Sunday, December 20, 2015

Hispanexco: Diamond Points for export


I stumbled across this advertisement recently in The Mexican Mining Journal, vol. 6 (April 1908), p. 31. The distinctive clip immediately identifies the pen as a Diamond Point, as one can see from the ad below which ran in American Exporter, vol. 61 (Jun 1908), p. 140.


The Hispano-American Export Company even kept the same model numbers, but they added a generous markup: $2 for a basic No. 50 eyedropper, including registered mail "to any post office in the world", for a model that could be bought from the manufacturer for $7.50 per dozen (I haven't been able to determine exactly how much the shipping would have been, but at the time registration cost only ten cents, and a domestic letter only two).

I've never actually run across any pens marked "Hispanexco" or "Hispano-American Export Co.", nor can I find any discussion online. But I've not done any buying in the Americas outside of the USA and Canada, so I'm hoping my pen friends south of the border will chime in if they've seen any. Some of the Hispanexco pens were fancier, too, as we see from this ad in a Spanish-language magazine published in Buffalo, New York (América, vol. 1 (July 1908), p. A13).


Diamond Point does seem to have been pushing export sales. Looking back through old copies of American Exporter, there aren't many fountain pen companies paying for ads, and most advertised for a just a year or two. Diamond Point wasn't advertising in 1907, but made a tentative start in 1908 (Modern/A. A. Waterman, Smith, and Wirt were the other penmakers advertising that year, all taking out much more ad space). In 1909 Diamond Point became a regular advertiser, joining A. A. Waterman and Crocker.

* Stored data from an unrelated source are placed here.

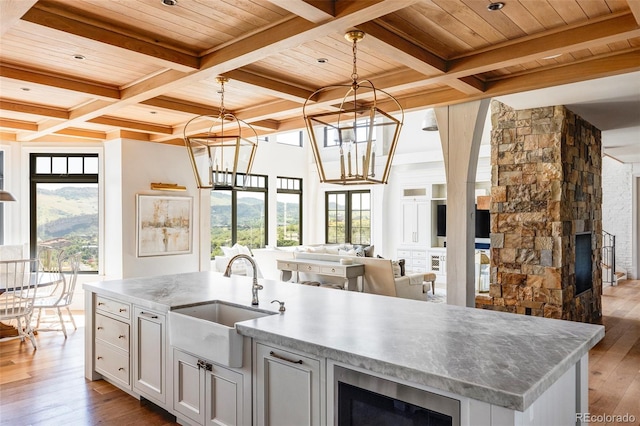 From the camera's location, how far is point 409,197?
32.3ft

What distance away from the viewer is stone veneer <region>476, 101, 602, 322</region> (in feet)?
16.2

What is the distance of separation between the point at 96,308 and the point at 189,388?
1463 millimetres

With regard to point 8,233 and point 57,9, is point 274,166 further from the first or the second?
point 57,9

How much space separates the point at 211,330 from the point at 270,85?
A: 2268 mm

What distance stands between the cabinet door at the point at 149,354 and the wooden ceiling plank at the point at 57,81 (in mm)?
2119

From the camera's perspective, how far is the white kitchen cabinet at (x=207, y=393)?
8.32ft

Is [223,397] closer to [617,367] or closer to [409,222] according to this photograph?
[617,367]

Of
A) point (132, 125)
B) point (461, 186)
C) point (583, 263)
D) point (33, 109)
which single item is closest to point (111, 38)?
point (33, 109)

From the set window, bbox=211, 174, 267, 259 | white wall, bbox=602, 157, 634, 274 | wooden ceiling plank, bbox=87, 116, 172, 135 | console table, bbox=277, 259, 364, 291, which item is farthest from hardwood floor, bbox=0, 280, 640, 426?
white wall, bbox=602, 157, 634, 274

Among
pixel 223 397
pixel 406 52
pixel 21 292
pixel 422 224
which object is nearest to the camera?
pixel 223 397

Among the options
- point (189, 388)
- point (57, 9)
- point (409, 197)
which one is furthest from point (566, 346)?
point (409, 197)

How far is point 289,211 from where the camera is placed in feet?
36.5

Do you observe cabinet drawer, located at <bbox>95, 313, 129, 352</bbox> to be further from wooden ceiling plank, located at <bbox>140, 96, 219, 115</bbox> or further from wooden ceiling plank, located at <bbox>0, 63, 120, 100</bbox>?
wooden ceiling plank, located at <bbox>140, 96, 219, 115</bbox> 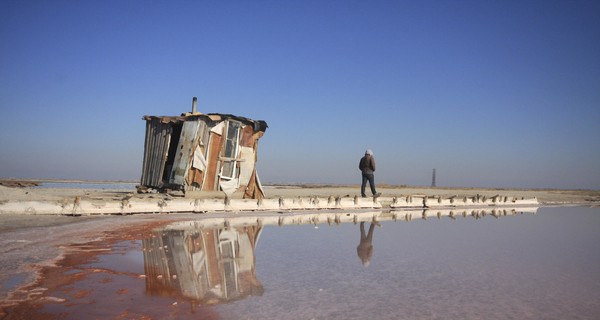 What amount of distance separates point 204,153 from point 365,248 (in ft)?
27.5

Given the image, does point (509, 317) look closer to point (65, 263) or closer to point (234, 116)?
point (65, 263)

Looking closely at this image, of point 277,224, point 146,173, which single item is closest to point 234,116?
point 146,173

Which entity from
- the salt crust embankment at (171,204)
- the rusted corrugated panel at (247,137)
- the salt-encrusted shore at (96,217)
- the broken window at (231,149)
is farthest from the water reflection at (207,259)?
the rusted corrugated panel at (247,137)

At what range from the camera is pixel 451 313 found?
11.1ft

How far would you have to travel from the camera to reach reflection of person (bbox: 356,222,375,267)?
5609 millimetres

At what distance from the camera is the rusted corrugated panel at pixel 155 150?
49.1 feet

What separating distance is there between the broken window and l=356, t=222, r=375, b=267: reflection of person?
21.6 ft

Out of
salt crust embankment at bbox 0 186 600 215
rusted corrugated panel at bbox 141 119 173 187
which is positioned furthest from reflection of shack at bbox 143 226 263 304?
rusted corrugated panel at bbox 141 119 173 187

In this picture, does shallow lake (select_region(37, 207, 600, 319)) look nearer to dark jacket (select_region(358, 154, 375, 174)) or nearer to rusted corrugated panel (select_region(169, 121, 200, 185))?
rusted corrugated panel (select_region(169, 121, 200, 185))

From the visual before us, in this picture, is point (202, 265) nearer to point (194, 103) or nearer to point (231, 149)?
point (231, 149)

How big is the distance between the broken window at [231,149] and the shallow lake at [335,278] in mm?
6247

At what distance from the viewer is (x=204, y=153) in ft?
44.6

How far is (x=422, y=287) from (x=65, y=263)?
4019mm

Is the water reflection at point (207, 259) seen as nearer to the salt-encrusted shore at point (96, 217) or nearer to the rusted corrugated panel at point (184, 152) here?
the salt-encrusted shore at point (96, 217) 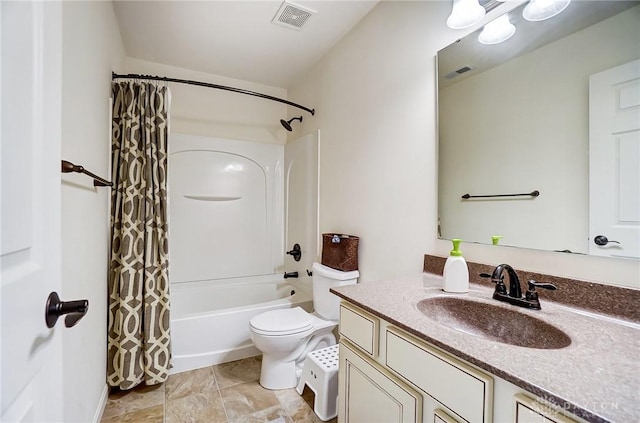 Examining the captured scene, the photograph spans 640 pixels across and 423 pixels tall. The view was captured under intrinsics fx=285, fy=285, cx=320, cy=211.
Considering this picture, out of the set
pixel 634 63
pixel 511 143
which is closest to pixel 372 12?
pixel 511 143

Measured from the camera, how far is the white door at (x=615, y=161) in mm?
835

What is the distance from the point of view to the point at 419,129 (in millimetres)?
1523

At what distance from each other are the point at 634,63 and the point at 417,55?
2.93ft

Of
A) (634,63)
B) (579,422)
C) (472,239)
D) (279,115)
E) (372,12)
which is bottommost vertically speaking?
(579,422)

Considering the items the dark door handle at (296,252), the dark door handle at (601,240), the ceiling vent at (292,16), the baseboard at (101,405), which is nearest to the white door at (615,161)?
the dark door handle at (601,240)

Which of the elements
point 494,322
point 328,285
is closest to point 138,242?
point 328,285

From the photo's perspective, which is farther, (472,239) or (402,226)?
(402,226)

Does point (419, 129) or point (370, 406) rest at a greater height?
point (419, 129)

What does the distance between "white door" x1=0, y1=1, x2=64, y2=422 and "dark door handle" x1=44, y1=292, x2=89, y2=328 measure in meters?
0.02

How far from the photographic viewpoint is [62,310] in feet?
1.88

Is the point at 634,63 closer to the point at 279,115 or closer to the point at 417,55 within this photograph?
the point at 417,55

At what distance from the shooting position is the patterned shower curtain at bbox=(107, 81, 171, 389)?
175 cm

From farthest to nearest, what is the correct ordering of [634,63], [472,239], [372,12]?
[372,12]
[472,239]
[634,63]

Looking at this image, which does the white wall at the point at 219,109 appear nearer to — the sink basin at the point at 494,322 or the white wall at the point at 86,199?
the white wall at the point at 86,199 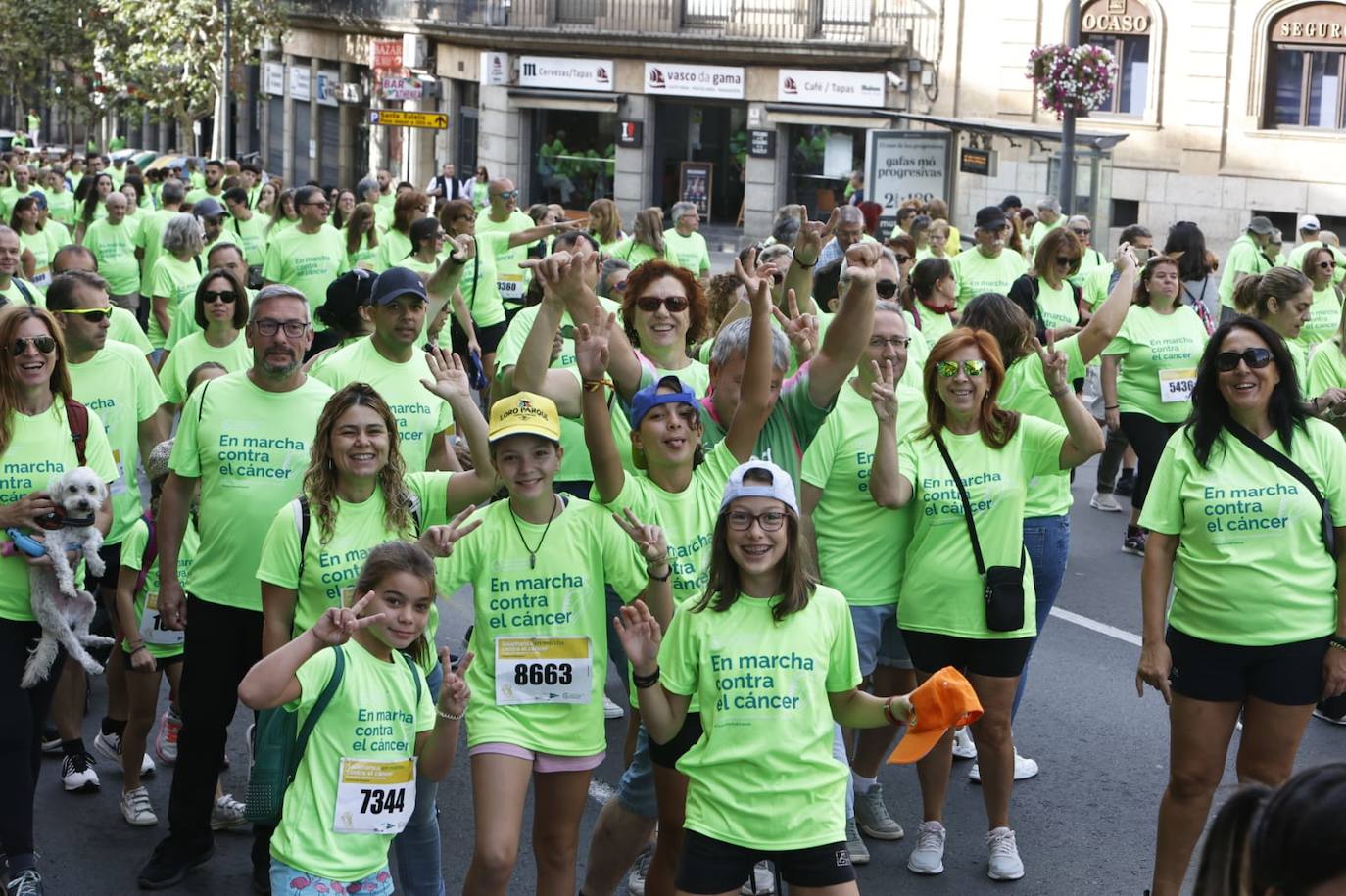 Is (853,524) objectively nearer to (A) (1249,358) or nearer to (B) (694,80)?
(A) (1249,358)

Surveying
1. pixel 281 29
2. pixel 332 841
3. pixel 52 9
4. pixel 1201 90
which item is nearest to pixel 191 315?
pixel 332 841

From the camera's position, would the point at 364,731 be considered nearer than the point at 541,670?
Yes

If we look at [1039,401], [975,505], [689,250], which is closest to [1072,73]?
[689,250]

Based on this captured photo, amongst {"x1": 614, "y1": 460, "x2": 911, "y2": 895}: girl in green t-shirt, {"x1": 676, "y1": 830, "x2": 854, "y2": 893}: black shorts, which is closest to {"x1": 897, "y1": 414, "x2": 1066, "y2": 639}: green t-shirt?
{"x1": 614, "y1": 460, "x2": 911, "y2": 895}: girl in green t-shirt

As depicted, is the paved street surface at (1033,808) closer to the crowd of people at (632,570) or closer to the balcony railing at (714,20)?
the crowd of people at (632,570)

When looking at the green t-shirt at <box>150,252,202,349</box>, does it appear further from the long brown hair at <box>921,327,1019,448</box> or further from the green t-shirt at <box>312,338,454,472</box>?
the long brown hair at <box>921,327,1019,448</box>

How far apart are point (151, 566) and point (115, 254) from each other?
979cm

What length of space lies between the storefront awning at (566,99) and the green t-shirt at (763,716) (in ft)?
114

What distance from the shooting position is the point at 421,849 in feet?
17.7

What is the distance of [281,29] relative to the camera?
42719 millimetres

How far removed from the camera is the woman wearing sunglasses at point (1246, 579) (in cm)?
576

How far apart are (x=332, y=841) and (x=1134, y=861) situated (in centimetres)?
311

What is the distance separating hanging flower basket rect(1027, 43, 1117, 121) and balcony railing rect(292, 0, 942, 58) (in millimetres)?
9728

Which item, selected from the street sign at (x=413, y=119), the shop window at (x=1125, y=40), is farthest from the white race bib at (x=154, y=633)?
the shop window at (x=1125, y=40) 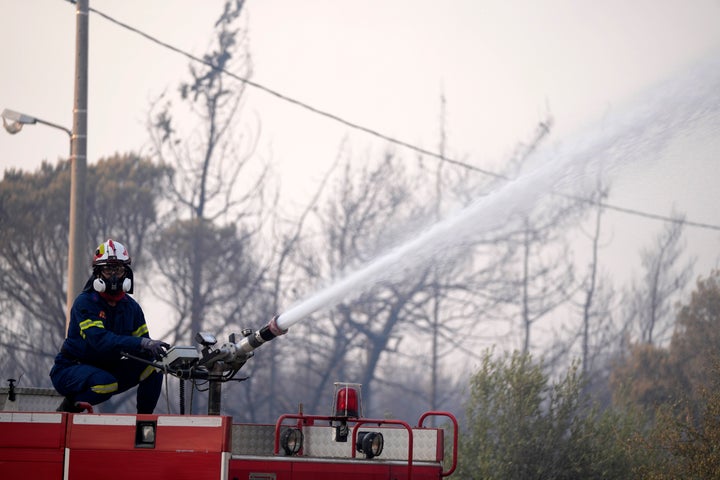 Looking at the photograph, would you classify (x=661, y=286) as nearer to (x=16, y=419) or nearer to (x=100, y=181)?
(x=100, y=181)

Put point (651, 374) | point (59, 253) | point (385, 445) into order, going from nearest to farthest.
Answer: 1. point (385, 445)
2. point (59, 253)
3. point (651, 374)

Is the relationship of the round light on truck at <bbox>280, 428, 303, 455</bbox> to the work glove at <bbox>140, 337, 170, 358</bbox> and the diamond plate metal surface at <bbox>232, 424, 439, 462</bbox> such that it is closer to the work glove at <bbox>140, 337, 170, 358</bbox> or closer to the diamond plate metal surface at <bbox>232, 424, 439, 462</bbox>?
the diamond plate metal surface at <bbox>232, 424, 439, 462</bbox>

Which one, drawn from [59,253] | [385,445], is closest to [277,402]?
[59,253]

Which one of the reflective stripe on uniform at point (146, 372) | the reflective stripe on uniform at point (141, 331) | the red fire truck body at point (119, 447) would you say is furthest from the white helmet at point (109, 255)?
the red fire truck body at point (119, 447)

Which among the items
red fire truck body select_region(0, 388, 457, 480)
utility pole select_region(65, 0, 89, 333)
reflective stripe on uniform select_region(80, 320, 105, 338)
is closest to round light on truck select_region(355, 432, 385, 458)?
red fire truck body select_region(0, 388, 457, 480)

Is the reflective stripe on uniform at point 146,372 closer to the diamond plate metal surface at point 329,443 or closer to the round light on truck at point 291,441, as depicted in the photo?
the diamond plate metal surface at point 329,443

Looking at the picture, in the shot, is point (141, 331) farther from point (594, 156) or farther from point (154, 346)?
point (594, 156)

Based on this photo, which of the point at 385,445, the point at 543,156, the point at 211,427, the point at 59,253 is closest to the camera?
the point at 211,427

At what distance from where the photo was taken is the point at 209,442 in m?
7.66

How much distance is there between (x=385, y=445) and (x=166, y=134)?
82.6ft

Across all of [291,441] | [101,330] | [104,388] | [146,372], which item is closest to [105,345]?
[101,330]

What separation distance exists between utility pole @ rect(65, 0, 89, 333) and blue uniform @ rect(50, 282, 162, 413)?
6.25 meters

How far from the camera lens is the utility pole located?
50.8 ft

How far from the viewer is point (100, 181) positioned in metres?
32.6
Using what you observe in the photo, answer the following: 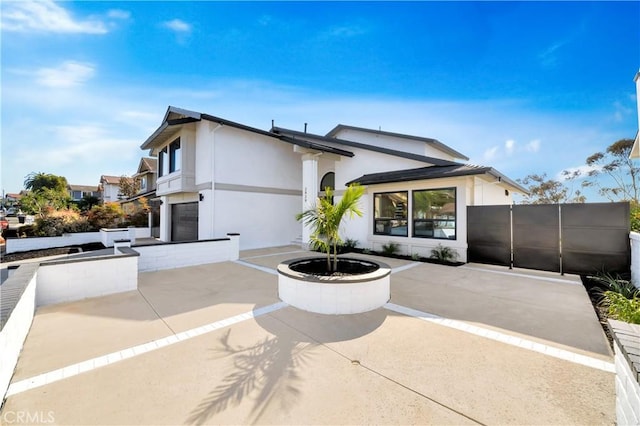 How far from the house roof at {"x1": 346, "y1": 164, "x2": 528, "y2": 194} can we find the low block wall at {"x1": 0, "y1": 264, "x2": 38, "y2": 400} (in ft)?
33.6

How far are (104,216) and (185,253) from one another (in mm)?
11372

And if we look all the way back to 1897, a large contingent from South and Central America came to the Northeast to visit the big industrial exhibition that opened that summer in Providence, Rhode Island. Diamond Point placed a large bilingual advertisement, shown above, right below the long and detailed writeup of their visit in the Jewelers' Circular (vol. 34 (June 23, 1897), p. 27).